▸ **INFORMATION PROVIDED**:
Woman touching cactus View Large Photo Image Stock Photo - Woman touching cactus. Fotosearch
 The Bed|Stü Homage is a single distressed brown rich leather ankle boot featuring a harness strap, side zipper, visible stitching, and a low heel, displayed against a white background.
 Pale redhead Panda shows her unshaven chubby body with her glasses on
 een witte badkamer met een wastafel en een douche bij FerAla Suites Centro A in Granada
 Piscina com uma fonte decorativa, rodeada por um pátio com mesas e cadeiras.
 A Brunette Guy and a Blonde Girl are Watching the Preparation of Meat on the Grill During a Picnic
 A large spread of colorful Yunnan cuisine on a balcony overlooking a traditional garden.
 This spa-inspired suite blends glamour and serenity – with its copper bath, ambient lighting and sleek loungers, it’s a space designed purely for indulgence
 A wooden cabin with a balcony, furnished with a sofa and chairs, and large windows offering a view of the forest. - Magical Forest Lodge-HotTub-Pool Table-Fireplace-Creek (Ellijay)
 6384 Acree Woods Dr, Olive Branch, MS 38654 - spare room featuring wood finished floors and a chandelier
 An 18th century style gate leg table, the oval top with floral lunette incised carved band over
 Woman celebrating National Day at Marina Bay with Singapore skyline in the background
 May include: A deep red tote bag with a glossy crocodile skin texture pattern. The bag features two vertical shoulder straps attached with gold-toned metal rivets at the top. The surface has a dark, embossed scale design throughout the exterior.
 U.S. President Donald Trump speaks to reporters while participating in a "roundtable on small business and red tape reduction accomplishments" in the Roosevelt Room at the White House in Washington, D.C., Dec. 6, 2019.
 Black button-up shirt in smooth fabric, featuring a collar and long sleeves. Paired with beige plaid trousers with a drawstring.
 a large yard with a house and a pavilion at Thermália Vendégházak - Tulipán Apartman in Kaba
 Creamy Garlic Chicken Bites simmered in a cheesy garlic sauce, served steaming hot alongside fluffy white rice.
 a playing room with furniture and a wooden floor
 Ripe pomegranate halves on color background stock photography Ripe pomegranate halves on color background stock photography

▸ **WHAT YOU ARE ASKED TO DO**:
Please copy each line of the records above that holds the word "featuring".

▸ **THE COMPLETED TASK**:
 The Bed|Stü Homage is a single distressed brown rich leather ankle boot featuring a harness strap, side zipper, visible stitching, and a low heel, displayed against a white background.
 6384 Acree Woods Dr, Olive Branch, MS 38654 - spare room featuring wood finished floors and a chandelier
 Black button-up shirt in smooth fabric, featuring a collar and long sleeves. Paired with beige plaid trousers with a drawstring.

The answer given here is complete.